- **Recorded data**:
*** Begin section ***

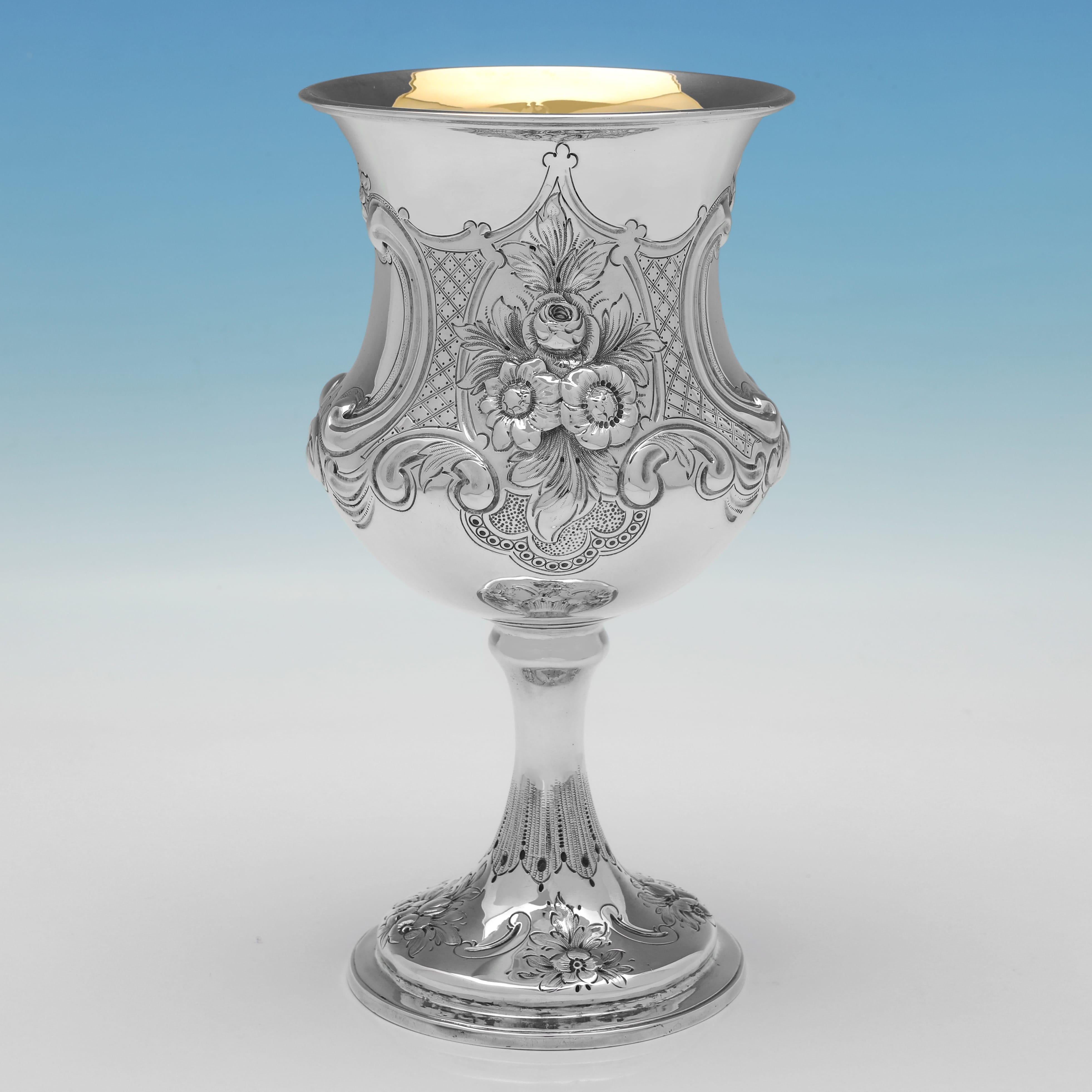 Marcada en Londres en 1874 por Mappin Brothers, esta atractiva copa victoriana de plata de ley antigua tiene forma de 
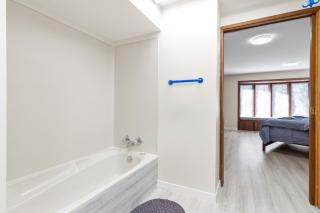 Spacious and bright suite with independent entrance - Delta - 0
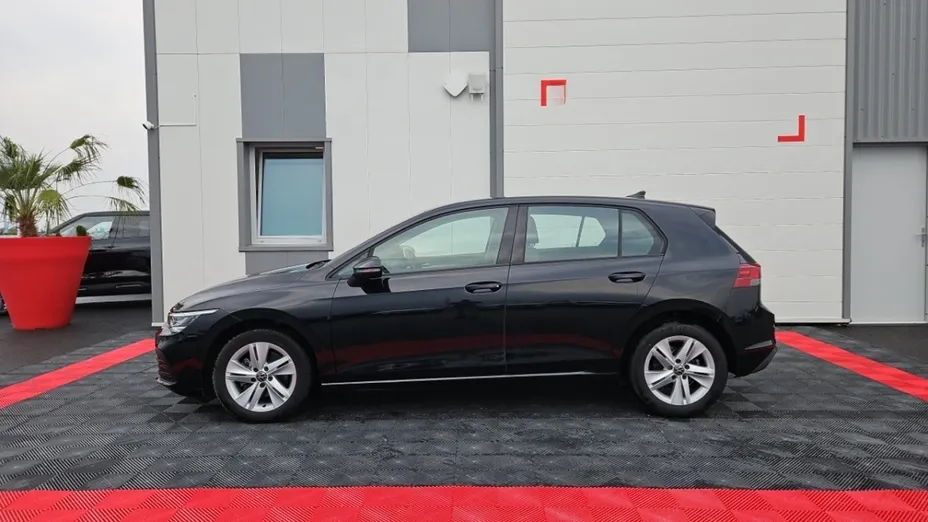 Volkswagen Golf -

*** End section ***

- **Exercise aim**:
Nothing but the lines from the line with "Spacious and bright" through the end of the listing should appear in the answer, each duplicated exactly, without pictures.

- **Written response**:
 Spacious and bright suite with independent entrance - Delta - 0
 Volkswagen Golf -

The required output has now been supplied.